Review Summary: Sodom's masterpiece, this tale of the Vietnam War is one that you will not forget
For a band like Sodom, making a good thrash album is little more than a walk in the park. Their discography has consistently yielded great albums and every thrash fan should be safe in the knowledge that every two or three years they will have another marvelous release from one of Germany's premiere bands in the genre. Formed as a means for Tom Angelripper to escape his future as a coal miner, Sodom are one of the most highly respected bands in the thrash genre. From their inception with great albums such as Persecution Mania and the incredible Agent Orange they then went on to produce one of the best thrash releases of the 90's in Tapping The Vein before marking their own seal of approval on the "thrash revival" of the 2000's with M-16. Beginning with occult-themed lyrics on Obsessed By Cruelty, the band shifted into taking a highly anti-war perspective and will forever be remembered for the legacy they have laid down. The question of what their best album is has been widely debated with the eventual answer usually either being Persecution Mania or Agent Orange but one of their albums actually beats out both of these releases. This is of course the aforementioned 2001 album M-16, containing 10 original songs and one cover across forty nine minutes of aggressive thrash metal released to high praise.
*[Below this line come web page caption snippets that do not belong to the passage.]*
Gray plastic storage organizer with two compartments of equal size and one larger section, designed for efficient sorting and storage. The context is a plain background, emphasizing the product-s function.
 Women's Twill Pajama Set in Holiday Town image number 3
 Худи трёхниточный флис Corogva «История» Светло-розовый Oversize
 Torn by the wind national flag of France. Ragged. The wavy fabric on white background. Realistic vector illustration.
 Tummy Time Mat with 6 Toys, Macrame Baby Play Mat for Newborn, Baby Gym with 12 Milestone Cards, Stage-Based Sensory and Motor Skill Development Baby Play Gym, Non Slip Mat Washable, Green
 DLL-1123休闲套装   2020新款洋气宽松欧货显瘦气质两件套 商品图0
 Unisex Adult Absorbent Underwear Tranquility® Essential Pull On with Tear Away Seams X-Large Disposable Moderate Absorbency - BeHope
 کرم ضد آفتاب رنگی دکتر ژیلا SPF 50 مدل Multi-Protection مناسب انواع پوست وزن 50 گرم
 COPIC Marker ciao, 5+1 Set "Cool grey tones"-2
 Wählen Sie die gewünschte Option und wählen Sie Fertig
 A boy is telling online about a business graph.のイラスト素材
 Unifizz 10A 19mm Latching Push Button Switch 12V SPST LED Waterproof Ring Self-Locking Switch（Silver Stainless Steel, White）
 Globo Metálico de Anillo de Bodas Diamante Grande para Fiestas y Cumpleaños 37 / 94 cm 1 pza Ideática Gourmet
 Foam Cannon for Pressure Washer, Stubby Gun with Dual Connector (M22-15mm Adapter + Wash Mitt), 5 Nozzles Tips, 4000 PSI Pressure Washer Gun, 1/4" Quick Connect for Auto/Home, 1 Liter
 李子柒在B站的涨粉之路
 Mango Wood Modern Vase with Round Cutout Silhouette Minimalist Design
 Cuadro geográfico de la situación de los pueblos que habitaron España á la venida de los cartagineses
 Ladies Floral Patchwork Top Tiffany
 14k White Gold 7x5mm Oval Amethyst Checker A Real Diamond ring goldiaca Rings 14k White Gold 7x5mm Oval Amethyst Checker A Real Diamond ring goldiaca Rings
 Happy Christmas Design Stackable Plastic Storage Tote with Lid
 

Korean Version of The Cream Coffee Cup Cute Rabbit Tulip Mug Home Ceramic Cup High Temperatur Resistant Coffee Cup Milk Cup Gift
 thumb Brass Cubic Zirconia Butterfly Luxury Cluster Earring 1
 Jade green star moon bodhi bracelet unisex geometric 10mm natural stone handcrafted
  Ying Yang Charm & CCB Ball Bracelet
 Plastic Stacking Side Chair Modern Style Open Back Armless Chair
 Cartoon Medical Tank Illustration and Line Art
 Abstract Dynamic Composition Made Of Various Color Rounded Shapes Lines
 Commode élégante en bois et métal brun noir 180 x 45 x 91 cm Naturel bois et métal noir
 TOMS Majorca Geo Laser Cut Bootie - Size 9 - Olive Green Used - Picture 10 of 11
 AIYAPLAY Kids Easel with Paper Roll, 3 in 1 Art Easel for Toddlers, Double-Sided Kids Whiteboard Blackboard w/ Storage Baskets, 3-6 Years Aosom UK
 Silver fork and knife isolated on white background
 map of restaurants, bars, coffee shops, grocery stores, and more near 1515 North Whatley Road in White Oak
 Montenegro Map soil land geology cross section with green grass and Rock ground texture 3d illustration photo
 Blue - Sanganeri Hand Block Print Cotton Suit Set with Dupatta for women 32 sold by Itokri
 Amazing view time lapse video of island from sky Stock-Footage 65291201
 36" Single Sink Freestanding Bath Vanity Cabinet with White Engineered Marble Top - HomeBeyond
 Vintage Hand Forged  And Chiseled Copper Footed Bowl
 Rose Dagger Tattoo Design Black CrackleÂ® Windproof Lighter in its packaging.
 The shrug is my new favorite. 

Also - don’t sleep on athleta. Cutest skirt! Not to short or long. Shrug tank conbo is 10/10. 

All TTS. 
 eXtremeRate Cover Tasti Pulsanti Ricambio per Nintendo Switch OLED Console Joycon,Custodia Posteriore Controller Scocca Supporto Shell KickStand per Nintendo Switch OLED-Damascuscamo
The album title M-16 should say a lot about the album. The M-16 was a highly damaging weapon used by the majority of the US soldiers during the Vietnam War and that is pretty much the best way possible to describe this album. M-16 is a violent attack on the Vietnam War telling morbid stories of the situations soldiers found themselves in. To many, this may sound like a match made in heaven and they would not be wrong at all. On each of these songs Sodom takes the subject matter and adds their own signature brand of thrash metal to it, creating one of the best albums in the genre. Lightning fast riffs are coupled with slower, more deliberately paced crushing ones and Tom Angelripper roars and sneers his way through the lyrics. Couple this with an amazing drum performance from Bobby Schottkowski starting with the opening military drum beat on Among The Wierdcong and the puzzle is complete. Each man holds his end up really well, with some of the highlight riffs being the slow and evil-sounding one that kicks off the title track and the ridiculously heavy riffs to Genocide. Guitar-wise, this album really does stand up well amidst this band's previous albums. On some songs they decide to abuse tremolo picking to a ridiculous amount, such as on Among The Wierdcong and Minejumper but others manage to create a really brooding atmosphere such as that on Marines.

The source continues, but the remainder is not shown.